With the ocean playing a key role of the glacial cycles, one obvious question concerns the diapycnal diffusivity typically regarded as an enabler of the MOC in overcoming the potential-energy barrier [55]. This conception however does not conflict with our MOC being propelled by MEP adjustment regardless the diapycnal diffusivity (Section 2.2); this is because the potential energy barrier depends also on the thermocline depth, which is no longer constrained by the laminar momentum balance—a degree of freedom that is in effect closed by the MEP adjustment. In other words, varying diapycnal diffusivity would only regulate the thermocline depth without impacting the MOC hence the model derivation.

Since MEP is a global property, it negates the relevance of eddy diffusivity diagnosed from observation or derived from local turbulence closure, so to capture MEP adjustment from primitive equation models, there seems to be no substitute than resolving eddies, which obviously poses a daunting challenge to glacial-cycle simulations because of the long integration needed. A phenomenological approach, however, may be feasible by implementing the MEP adjustment equation of [21] explicitly (his equation (23)) but replacing the admittance by the equivalent diapycnal diffusivity $\nu$ because of their power law dependence.

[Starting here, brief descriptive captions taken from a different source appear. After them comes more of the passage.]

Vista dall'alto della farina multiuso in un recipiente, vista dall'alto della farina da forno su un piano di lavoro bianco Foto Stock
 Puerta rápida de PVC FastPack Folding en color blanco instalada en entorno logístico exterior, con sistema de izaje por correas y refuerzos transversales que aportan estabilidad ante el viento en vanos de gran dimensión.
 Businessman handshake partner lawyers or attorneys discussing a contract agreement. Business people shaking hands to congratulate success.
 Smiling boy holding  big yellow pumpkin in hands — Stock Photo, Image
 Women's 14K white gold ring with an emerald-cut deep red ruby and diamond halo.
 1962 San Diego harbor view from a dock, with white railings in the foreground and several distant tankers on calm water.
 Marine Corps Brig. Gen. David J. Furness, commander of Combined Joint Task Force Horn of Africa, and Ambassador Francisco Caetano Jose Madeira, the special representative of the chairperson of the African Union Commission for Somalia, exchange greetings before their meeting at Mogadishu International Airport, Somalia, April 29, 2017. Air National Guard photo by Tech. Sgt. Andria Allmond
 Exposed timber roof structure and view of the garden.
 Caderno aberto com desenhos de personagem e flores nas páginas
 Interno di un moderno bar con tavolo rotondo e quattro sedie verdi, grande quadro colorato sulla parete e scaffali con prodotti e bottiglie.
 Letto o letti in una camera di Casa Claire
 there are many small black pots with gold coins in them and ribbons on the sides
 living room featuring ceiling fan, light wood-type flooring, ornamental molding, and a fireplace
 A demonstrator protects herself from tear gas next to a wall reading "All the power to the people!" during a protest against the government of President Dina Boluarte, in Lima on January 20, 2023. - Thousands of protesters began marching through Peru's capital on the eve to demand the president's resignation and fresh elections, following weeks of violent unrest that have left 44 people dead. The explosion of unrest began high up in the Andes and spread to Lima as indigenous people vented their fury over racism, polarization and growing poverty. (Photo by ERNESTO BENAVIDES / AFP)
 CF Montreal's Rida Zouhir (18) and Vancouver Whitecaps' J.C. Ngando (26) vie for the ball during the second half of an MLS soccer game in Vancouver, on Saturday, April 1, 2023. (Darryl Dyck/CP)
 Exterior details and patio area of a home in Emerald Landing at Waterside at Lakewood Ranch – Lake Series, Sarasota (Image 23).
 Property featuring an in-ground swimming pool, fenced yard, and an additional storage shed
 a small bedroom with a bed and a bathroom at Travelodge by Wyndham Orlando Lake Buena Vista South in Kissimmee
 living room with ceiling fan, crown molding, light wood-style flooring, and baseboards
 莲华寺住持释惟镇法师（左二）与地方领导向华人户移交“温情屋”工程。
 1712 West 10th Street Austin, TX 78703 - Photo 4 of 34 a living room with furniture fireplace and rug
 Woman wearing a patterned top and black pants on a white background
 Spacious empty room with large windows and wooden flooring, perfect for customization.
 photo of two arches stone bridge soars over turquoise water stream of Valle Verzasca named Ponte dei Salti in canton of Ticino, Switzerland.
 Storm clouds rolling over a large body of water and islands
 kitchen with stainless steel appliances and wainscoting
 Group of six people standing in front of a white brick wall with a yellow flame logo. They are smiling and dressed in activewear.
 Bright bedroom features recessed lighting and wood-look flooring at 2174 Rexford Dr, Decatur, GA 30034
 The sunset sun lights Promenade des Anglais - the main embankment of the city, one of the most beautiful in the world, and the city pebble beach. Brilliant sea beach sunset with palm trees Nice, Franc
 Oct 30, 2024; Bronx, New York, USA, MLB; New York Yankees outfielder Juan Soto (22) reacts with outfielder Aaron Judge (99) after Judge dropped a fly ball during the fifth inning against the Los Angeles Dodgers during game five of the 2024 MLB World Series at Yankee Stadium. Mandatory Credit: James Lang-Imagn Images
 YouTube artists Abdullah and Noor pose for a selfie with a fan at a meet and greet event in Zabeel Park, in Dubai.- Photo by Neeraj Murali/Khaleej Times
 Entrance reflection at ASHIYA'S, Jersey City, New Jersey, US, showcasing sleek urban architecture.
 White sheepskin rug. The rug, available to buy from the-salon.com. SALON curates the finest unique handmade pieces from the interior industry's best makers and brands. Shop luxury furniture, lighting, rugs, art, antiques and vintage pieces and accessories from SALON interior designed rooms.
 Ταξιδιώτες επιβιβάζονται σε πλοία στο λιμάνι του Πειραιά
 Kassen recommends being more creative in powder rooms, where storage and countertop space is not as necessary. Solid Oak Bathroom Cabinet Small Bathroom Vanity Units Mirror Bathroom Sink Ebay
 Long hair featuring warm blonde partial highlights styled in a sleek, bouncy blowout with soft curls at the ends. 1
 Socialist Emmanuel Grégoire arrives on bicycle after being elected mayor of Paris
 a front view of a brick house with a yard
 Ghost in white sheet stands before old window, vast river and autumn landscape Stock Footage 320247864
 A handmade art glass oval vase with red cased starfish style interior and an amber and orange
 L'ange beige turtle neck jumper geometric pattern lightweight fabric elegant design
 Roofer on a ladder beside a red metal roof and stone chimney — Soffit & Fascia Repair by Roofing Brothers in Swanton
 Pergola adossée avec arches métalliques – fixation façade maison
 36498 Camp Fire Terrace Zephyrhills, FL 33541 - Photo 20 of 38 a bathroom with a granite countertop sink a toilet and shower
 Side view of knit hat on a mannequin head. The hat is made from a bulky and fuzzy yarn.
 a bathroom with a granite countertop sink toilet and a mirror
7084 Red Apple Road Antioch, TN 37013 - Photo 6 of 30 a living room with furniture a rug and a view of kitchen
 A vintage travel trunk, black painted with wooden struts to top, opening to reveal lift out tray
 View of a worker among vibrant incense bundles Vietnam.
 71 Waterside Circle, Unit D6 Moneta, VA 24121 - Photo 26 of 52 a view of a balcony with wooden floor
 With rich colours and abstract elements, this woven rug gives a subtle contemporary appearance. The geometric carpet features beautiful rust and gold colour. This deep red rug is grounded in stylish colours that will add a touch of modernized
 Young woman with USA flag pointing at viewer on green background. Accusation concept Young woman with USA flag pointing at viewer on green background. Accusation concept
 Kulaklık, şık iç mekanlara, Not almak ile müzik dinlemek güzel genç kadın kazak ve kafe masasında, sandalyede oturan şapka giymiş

The equation now states:

$$\frac{d\left(\ln \nu \right)}{dt}={\left(\frac{\epsilon }{n}\right)}^2\frac{d (\ln \dot{S})}{d\left(\ln \nu \right)}$$

(21)

where $\epsilon$ is the fluctuation amplitude set by density stratification (a ratio of the decorrelation distance of eddy shedding to basin width), n, the exponent of the power law (about 0.5, [18]) and $\dot{S}$, the entropy production. Given a diapycnal diffusivity, one may calculate the entropy production (a simpler task via the boundary entropy flux, see Section 2.2) and from its neighboring realizations of slightly different diapycnal diffusivity, one may calculate the right-hand side of the equation to allow a forward marching of the climate, which should propel toward MEP. Differing from prior studies [100,101,102], however, our selection of the diapycnal diffusivity as the optimizing parameter is justifiable by the fluctuation theorem.

In conclusion, I have demonstrated through a minimal model that the mere positing of an eddying ocean as the intermediary of the orbital forcing of the ice sheet is sufficient to account for Pleistocene glacial cycles and resolve many longstanding puzzles.